Scott Farquhar, on Transforming the Modern Enterprise

Scott is the cofounder and co-CEO of Atlassian, along with Mike Cannon-Brookes. Mike gave the keynote yesterday, and today was Scott’s turn.

Scott started off by stating that the announcements made in yesterday’s live session were the biggest in their history. I agree fully with Scott. The Atlassian mission is to unleash the potential of every team. The announcements in yesterday’s session put the emphasis on every team. With the latest releases, Atlassian’s tools are moving to the enterprise, and doing it with well thought-out solutions that bring together 2 decades of learning and input from their wide, A-list customer base.

Of note is something else Scott pointed out: according to Forrester, organizations that invested in streamlining work management (processes and tools) during 2020 and 2021 will be 3 years ahead of organizations that did not. Let that sink in. If you did not invest in process changes for agility and worker autonomy, and don’t do it quickly, you risk being half a decade behind your competitors.

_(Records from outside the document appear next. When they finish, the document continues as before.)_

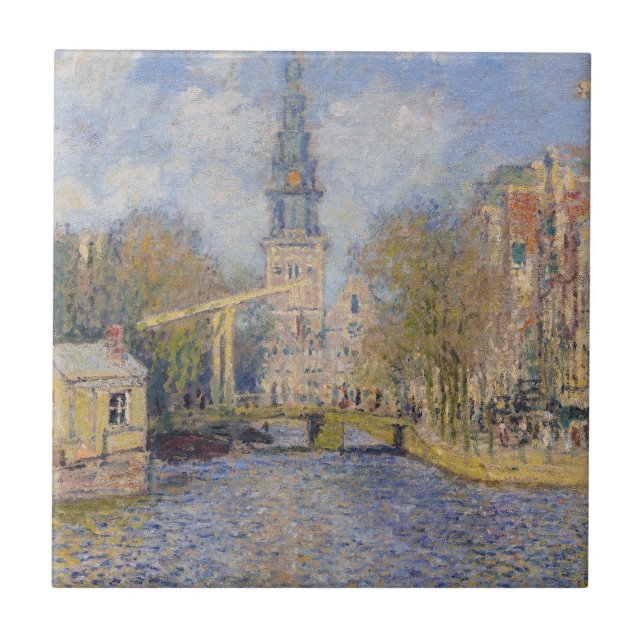 Claude Monet - Windmills nära Zaandam Kakelplatta (Framsidan)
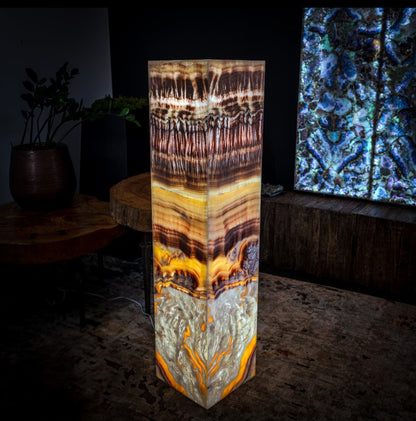 Golden Cloud Onyx Floor Lamp - Exotic Dragon Eye - Medium - 51.25"H x 12"W - Square - #1
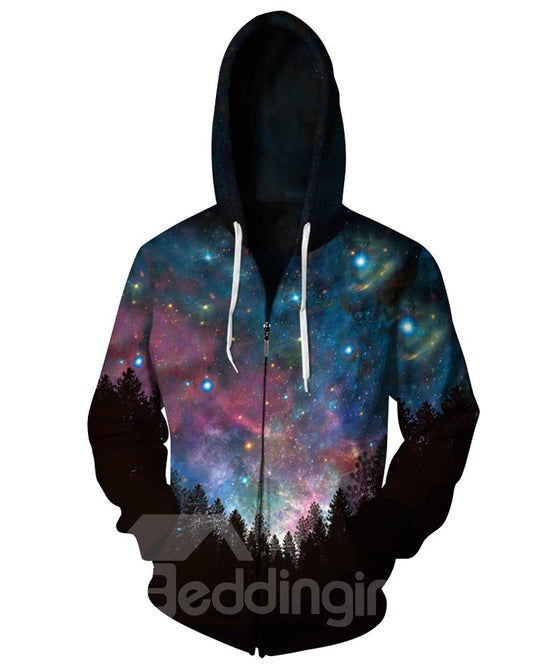 3D Night Forest Print Cool Hoodies Galaxy Pockets Zipper Jacket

For some of our public sector customers, this could put you at risk of not being able to attract and retain the talent you need to propel governance into the next 3 decades.

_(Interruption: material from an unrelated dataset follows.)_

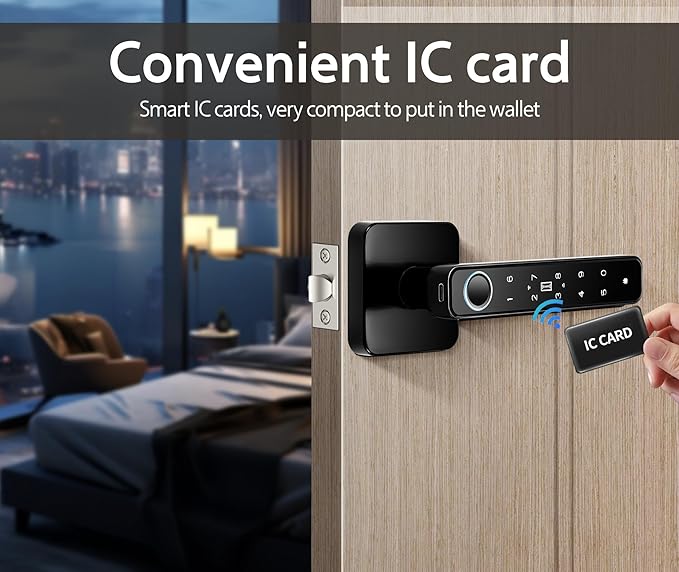 【WiFi-Free】 4-in-1 Smart Fingerprint Door Knob Lock(Fingerprint/Code/IC Card/Key), No App Required, Door Locks for Bedrooms & Offices, Biometric Thumbprint Door Knobs with Code & Keypad, Auto Lock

I gave a brief overview of the product announcements in the recap of Day 1 of Team ’21 and will write more later about them. Today, Scott focused on 2 products from their Point A initiativeJira Work Management and Compass – and it is worth noting some of these capabilities in this recap.

Jira Work Management

If you have been tracking Jira, you probably are aware of – or maybe using – Jira Core, the work management system for business teams. Jira Work Management (JWM) is targeted for business teams, and Jira Core no longer exists. It is tempting to view JWM as a rebranding of Core, but don’t fall into this trap. Jira Work Management is for any non-IT team to manage and track work, often repetitive in the sense that its workflow follows similar patterns, and it integrates seamlessly with other Atlassian products. Think of it as a “supercharged” Trello instead of a “dumbed-down” Jira Software.

One key to JWM’s fit in the enterprise is that it rides on the same platform as other Jira editions like Jira Software and Jira Service Management. Business teams (again, read this as “non-IT teams”) can use the same platform as IT, but manage their own destiny in the form of issues and workflows. Business teams in many companies either already have a work management platform, or nothing at all. In a CIO’s view, a separate platform is another tool for engineering and Ops to manage, and potentially for Dev to alter, which increases run-the-business (RTB) cost. Moving the business teams to JWM can free up some money for grow-the-business (GTB) funding.

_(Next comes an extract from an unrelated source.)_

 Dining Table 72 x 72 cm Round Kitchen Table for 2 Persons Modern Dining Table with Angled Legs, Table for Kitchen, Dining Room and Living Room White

Jira Work Management also adds 3 new views of data that Jira Core and JSW don’t have. The new List view looks and acts like a spreadsheet. Information is editable in the grid view, and the full issue is easily opened when more information is needed. The Calendar view adds time to data, presenting the issues in a familiar calendar format that can serve as the gateway for new users to adopt JWM. And the Timeline view is similar to the familiar project schedule view that business users are accustomed to. Of course, the Board view is also accessible for those transitioning from Trello or who like the simplicity they offer.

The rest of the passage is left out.